Componentwise Hit-And-Run Metropolis (CHARM)
Acceptance Rate | The optimal acceptance rate is 44%, and is based on the univariate normality of each marginal posterior distribution. The observed acceptance rate may be suitable in the interval [15%,50%]. |
Applications | This is a widely applicable, general-purpose algorithm. |
Difficulty | This algorithm is easy for a beginner. There are no algorithm specifications (although one is optional), and tuning is unnecessary. |
Final Algorithm? | Yes. |
Proposal | Componentwise. |
The Hit-And-Run algorithm is a variation of RWM that has been around as long as Gibbs sampling. Hit-And-Run randomly samples a direction on the unit sphere, and a proposal is made for each parameter in its randomly-selected direction for a uniformly-distributed distance (Gilks and Roberts, 1996). This version of Hit-And-Run, called Componentwise Hit-And-Run Metropolis (CHARM), includes componentwise proposals and a Metropolis step for rejection. Introduced by Turchin (1971) along with Gibbs sampling, and popularized by Smith (1984), Hit-And-Run was given its name later due to its ability to run across the state-space and arrive at a distant "hit-point". It is related to other algorithms with interesting names, such as Hide-And-Seek and Shake-And-Bake.
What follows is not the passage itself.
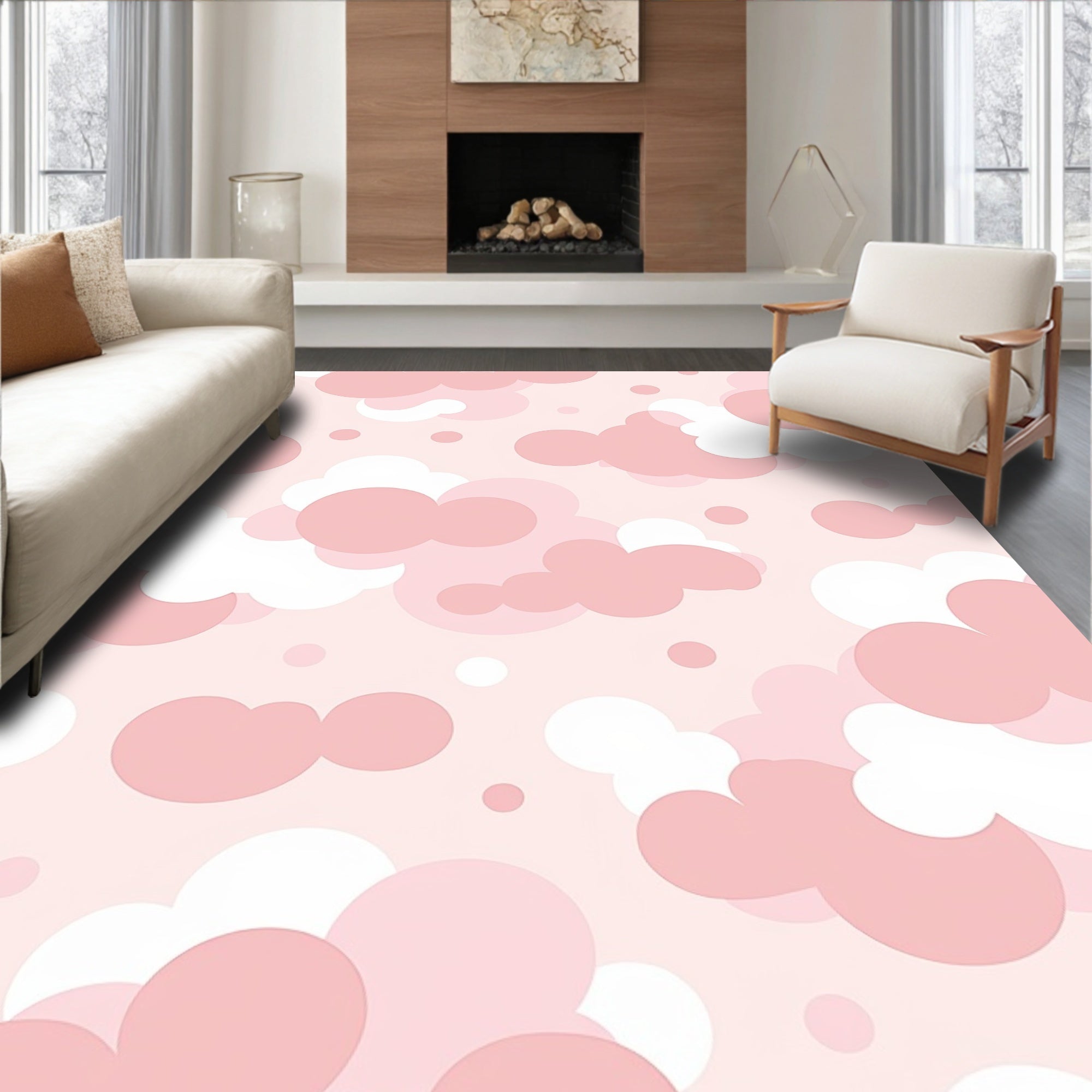 Soft Pink Cloudscape Pattern Rug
CHARM has one optional algorithm specification: alpha.star
. When Specs=NULL
, CHARM is non-adaptive. Otherwise, alpha.star
is the target acceptance rate, and is recommended to be 0.44. When a target acceptance rate is declared, CHARM applies the Robbins-Monro stochastic approximation of Garthwaite et al. (2010) to the proposal distance to attain the target acceptance rate.
As a componentwise algorithm, the model is evaluated after a proposal is made for each parameter, which results in an algorithm that takes more time per iteration. As with the Metropolis-within-Gibbs (MWG) family, the time to complete each iteration grows with the number of parameters. Compared to other algorithms with multivariate proposals, a disadvantage is the time to complete each iteration increases as a function of parameters and model complexity. For example, in a 100-parameter model, CHARM completes its first iteration as HARM completes its 100th.
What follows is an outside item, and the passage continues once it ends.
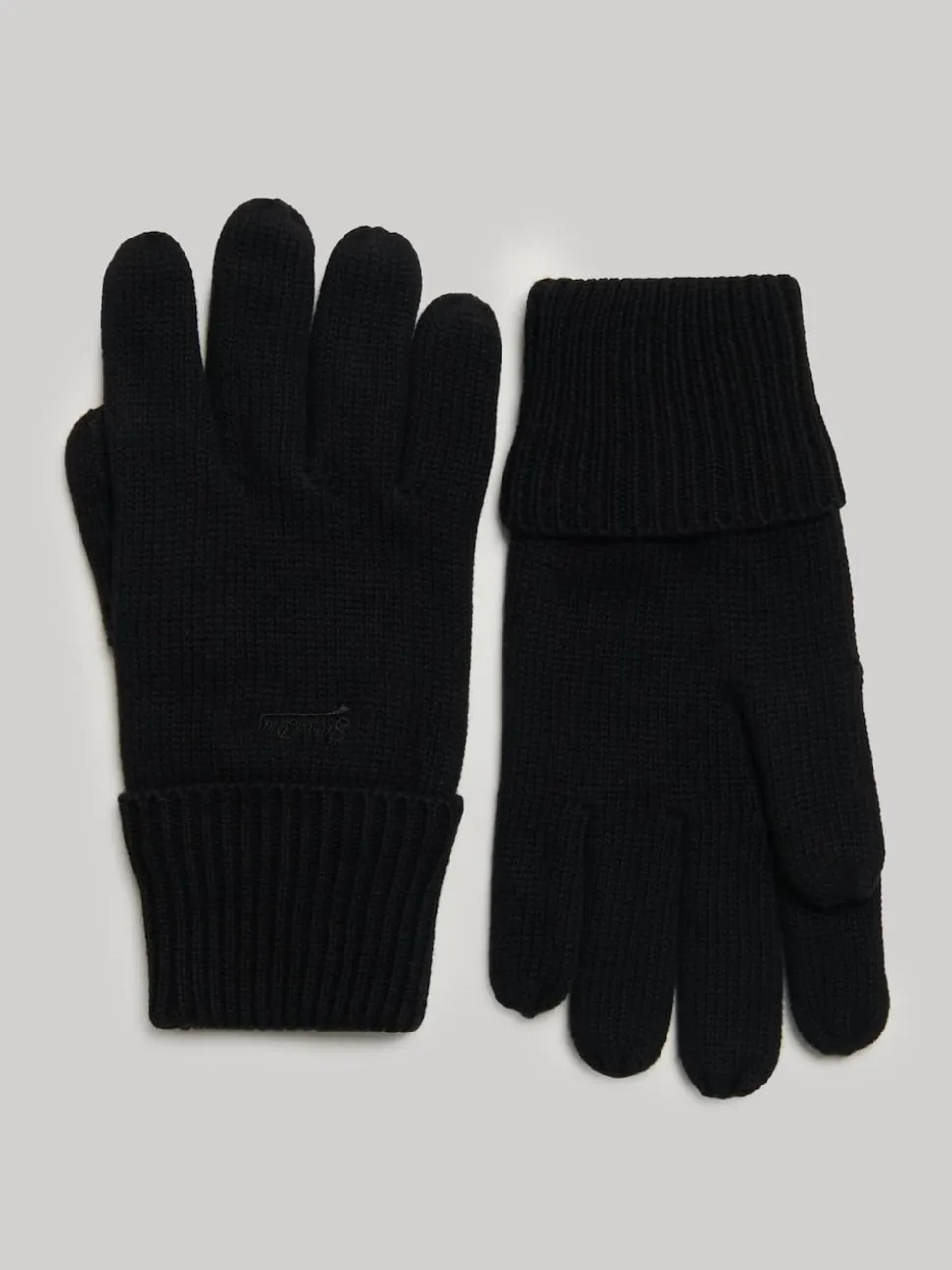 Superdry Black Knitted Logo Gloves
CHARM enjoys many of the advantages of HARM, such as having no tuning parameters (unless the adaptive form is used), traversing complex spaces with bounded sets in one iteration, not being adaptive (unless specified as adaptive), handling high correlations well, and having the potential to work well with multimodal distributions. When non-adaptive, CHARM may be used as a final algorithm.
References
- Garthwaite P, Fan Y, Sisson S (2010). "Adaptive Optimal Scaling of Metropolis-Hastings Algorithms Using the Robbins-Monro Process."
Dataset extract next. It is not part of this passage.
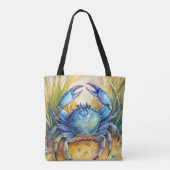 Blue Crab am Strand Tasche (Rückseite)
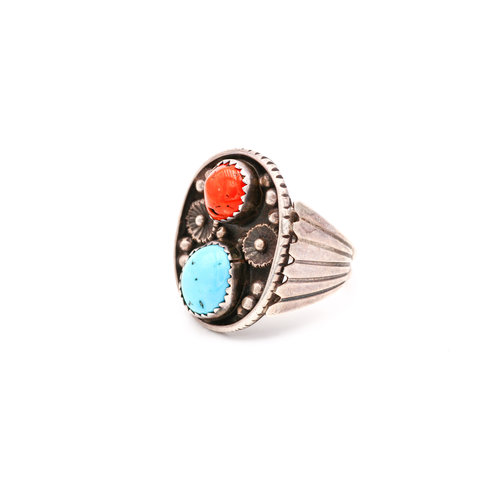 * Sterling Turquoise & Coral Ring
- Gilks W, Roberts G (1996). "Strategies for Improving MCMC." In W Gilks, S Richardson, D Spiegelhalter (eds.), Markov Chain Monte Carlo in Practice, p. 89-114. Chapman & Hall, Boca Raton, FL.
- Smith R (1984). "Efficient Monte Carlo Procedures for Generating Points Uniformly Distributed Over Bounded Region." Operations Research, 32, 1296-1308.
- Turchin, VF (1971). "On the Computation of Multidimensional Integrals by the Monte Carlo Method", Theory of Probablility and its Applications, 16(4), 720-724.